D1. Estimates of the global emissions outcome of current nationally stated mitigation ambitions as submitted under the Paris Agreement would lead to global greenhouse gas emissions in 2030 of 52–58 GtCO2eq yr-1 (medium confidence). Pathways reflecting these ambitions would not limit global warming to 1.5°C, even if supplemented by very challenging increases in the scale and ambition of emissions reductions after 2030 (high confidence). Avoiding overshoot and reliance on future large-scale deployment of carbon dioxide removal (CDR) can only be achieved if global CO2 emissions start to decline well before 2030 (high confidence).

Rapid reductions

demand unprecedented

transformations now.

C2. Pathways limiting global warming to 1.5°C with no or limited overshoot would require rapid and far-reaching transitions in energy, land, urban and infrastructure (including transport and buildings), and industrial systems (high confidence). These systems transitions are unprecedented in terms of scale, but not necessarily in terms of speed, and imply deep emissions reductions in all sectors, a wide portfolio of mitigation options and a significant upscaling of investments in those options (medium confidence).

1.5 degrees

needs higher carbon prices

to make it happen.

C2.7. Modelled pathways limiting global warming to 1.5°C with no or limited overshoot project a wide range of global average discounted marginal abatement costs over the 21st century. They are roughly 3-4 times higher than in pathways limiting global warming to below 2°C (high confidence). The economic literature distinguishes marginal abatement costs from total mitigation costs in the economy. The literature on total mitigation costs of 1.5°C mitigation pathways is limited and was not assessed in this report.
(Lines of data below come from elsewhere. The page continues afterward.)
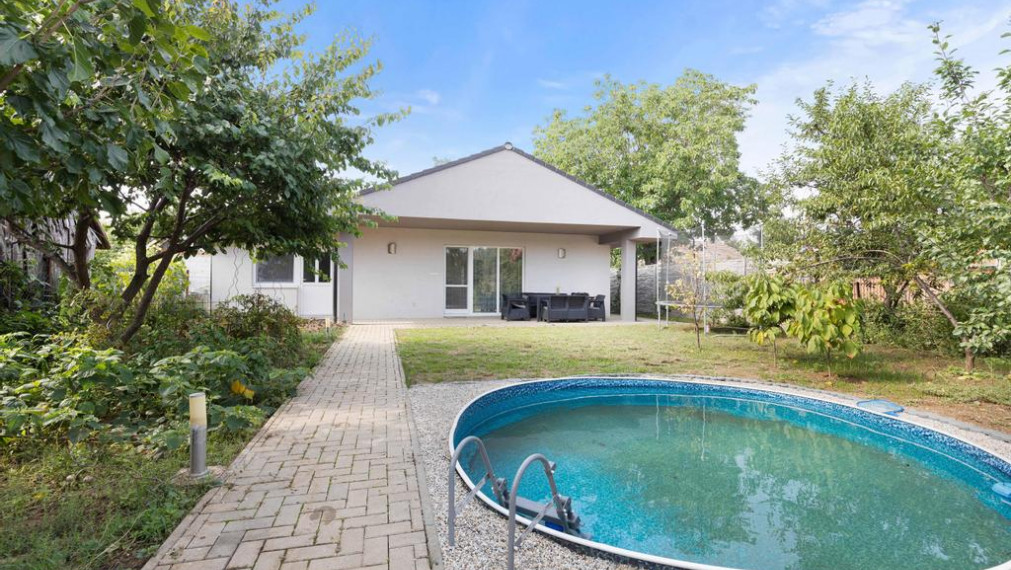 4 izbový rodinný dom - pozemok 675m² Dolné Dubové, Trnava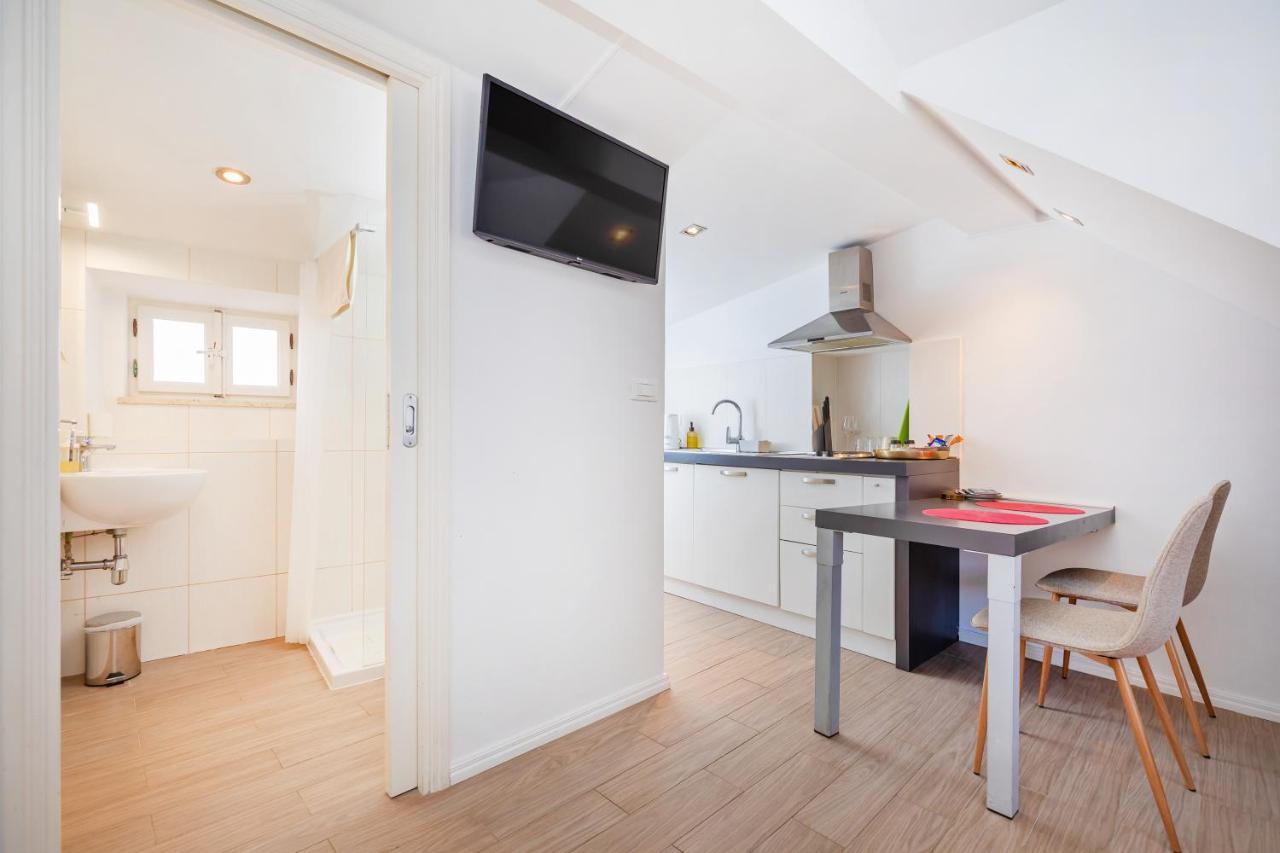 Apartma Rafael & Old Town By Duhomes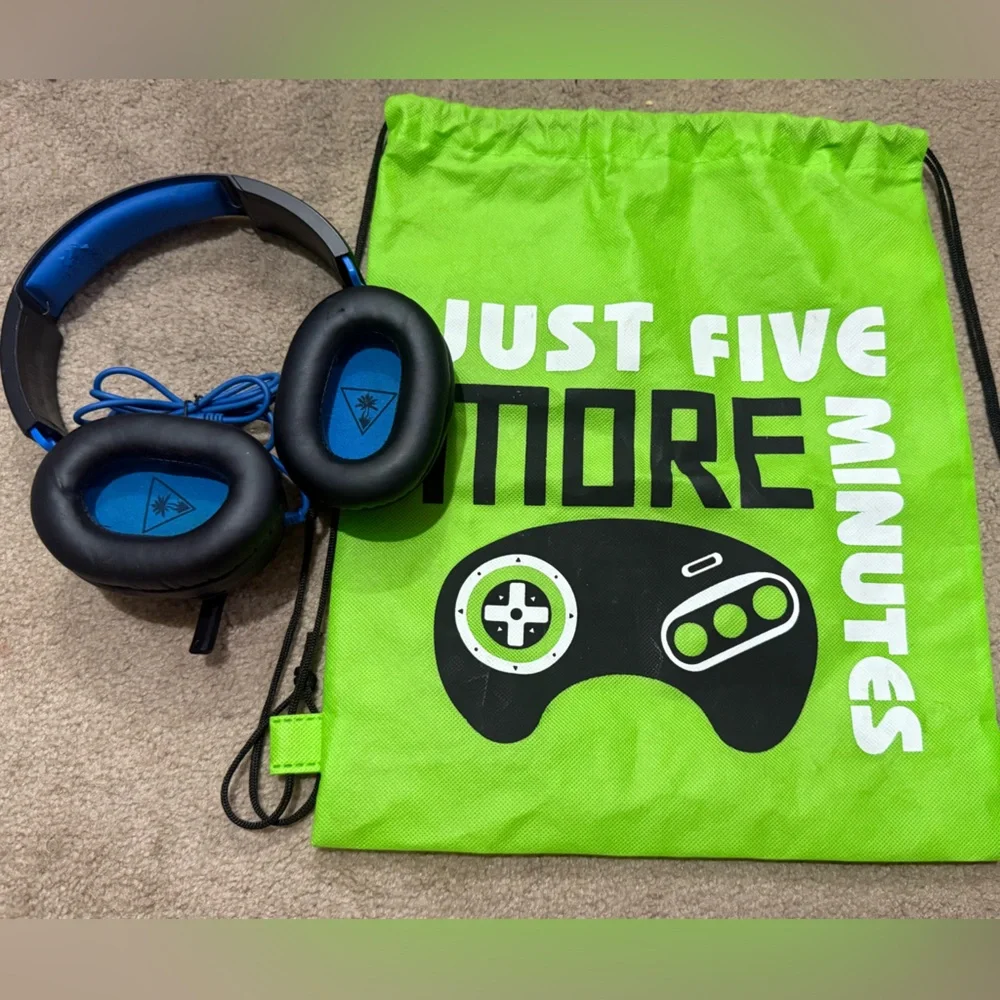 Turtle Beach Black & Blue Gaming Headset, Great condition! Comes with Backpack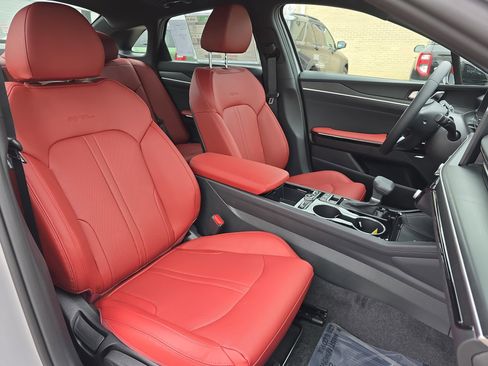 New 2026 Kia K5 GT-Line image 10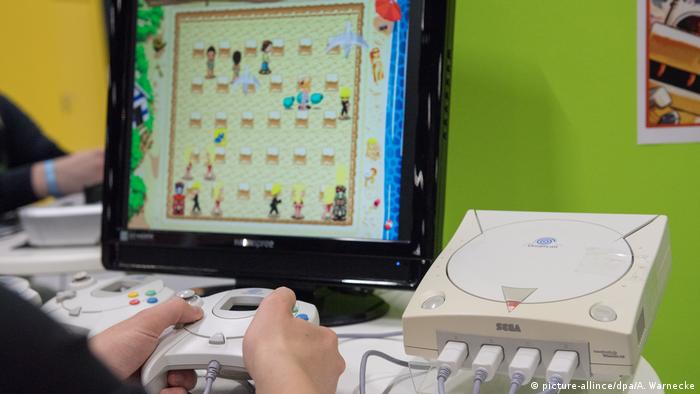 Gamer spielt an der Spielkonsole Sega DreamCast (picture-allince/dpa/A. Warnecke)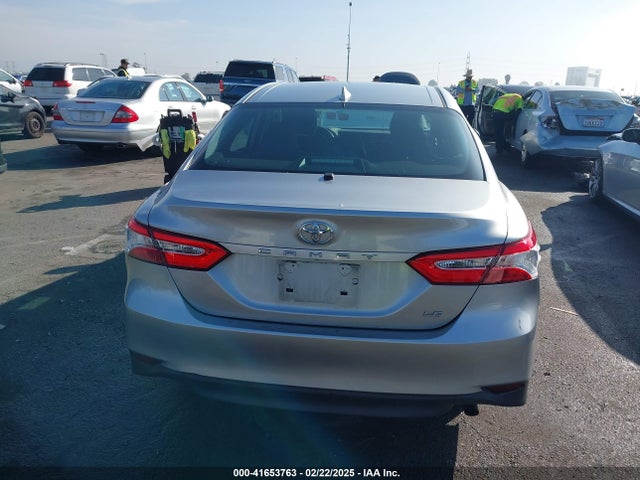 Toyota CAMRY LE 2019 4T1B11HK9KU782615 Image 16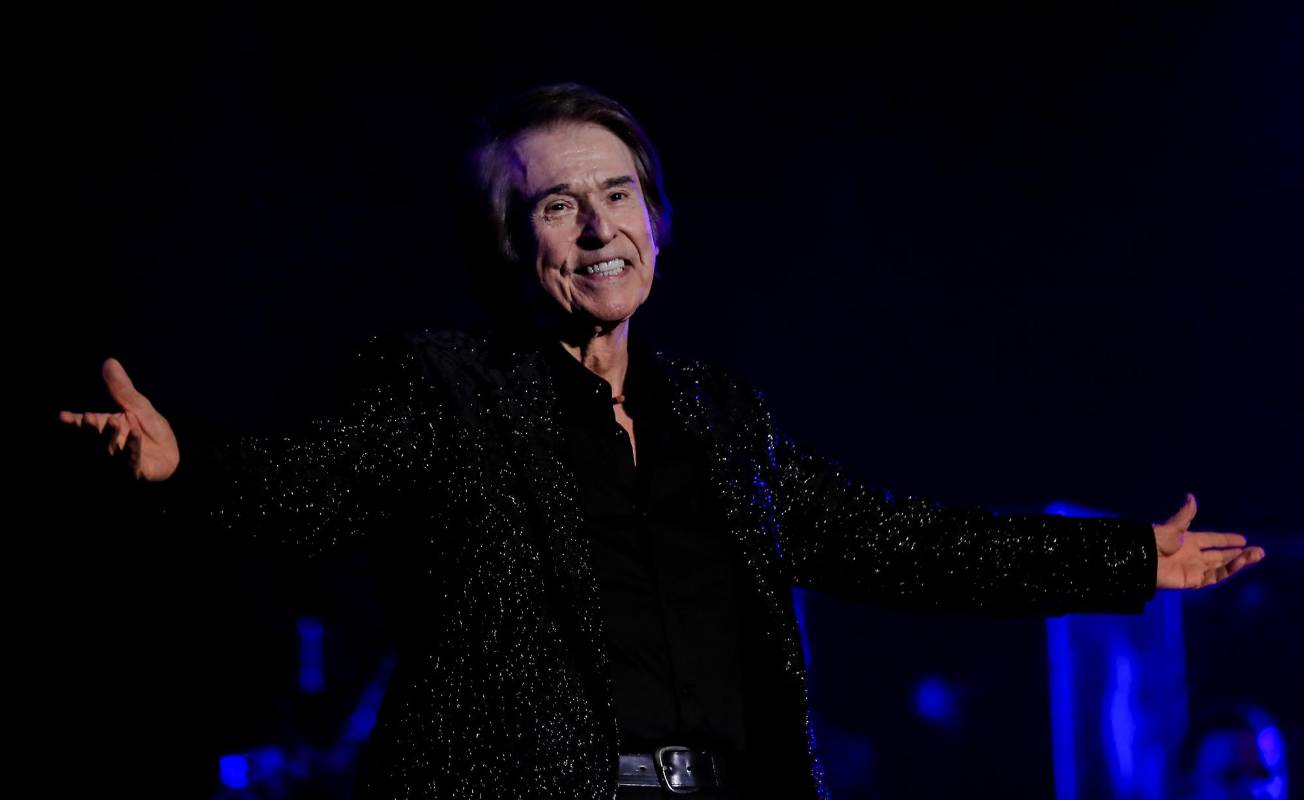 El artista español celebró además 60 años de carrera. FOTO Jaime Pérez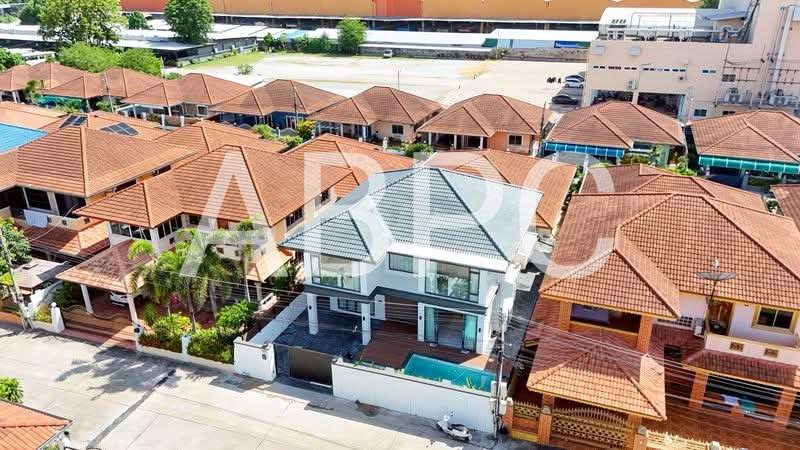 Brand New Pool Villa 6 bedrooms 7 bathrooms in South Pattaya for Sale photo 3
Knowledge gaps remain in the integrated assessment of the economy wide costs and benefits of mitigation in line with pathways limiting warming to 1.5°C.

Policies can drive

investment, innovation,

and behaviour change.

C2. See above

There are som many

synergies with SDGs:

Use them or lose them.

Spm.4 Click for larger version.

Adapt, mitigate

and develop: with great care

we could have it all.

Section D. Strengthening the Global Response in the Context of Sustainable Development and Efforts to Eradicate Poverty (D1-D7.4)

Good development

helps climate, and good climate

helps development.

D2. The avoided climate change impacts on sustainable development, eradication of poverty and reducing inequalities would be greater if global warming were limited to 1.5°C rather than 2°C, if mitigation and adaptation synergies are maximized while trade-offs are minimized (high confidence)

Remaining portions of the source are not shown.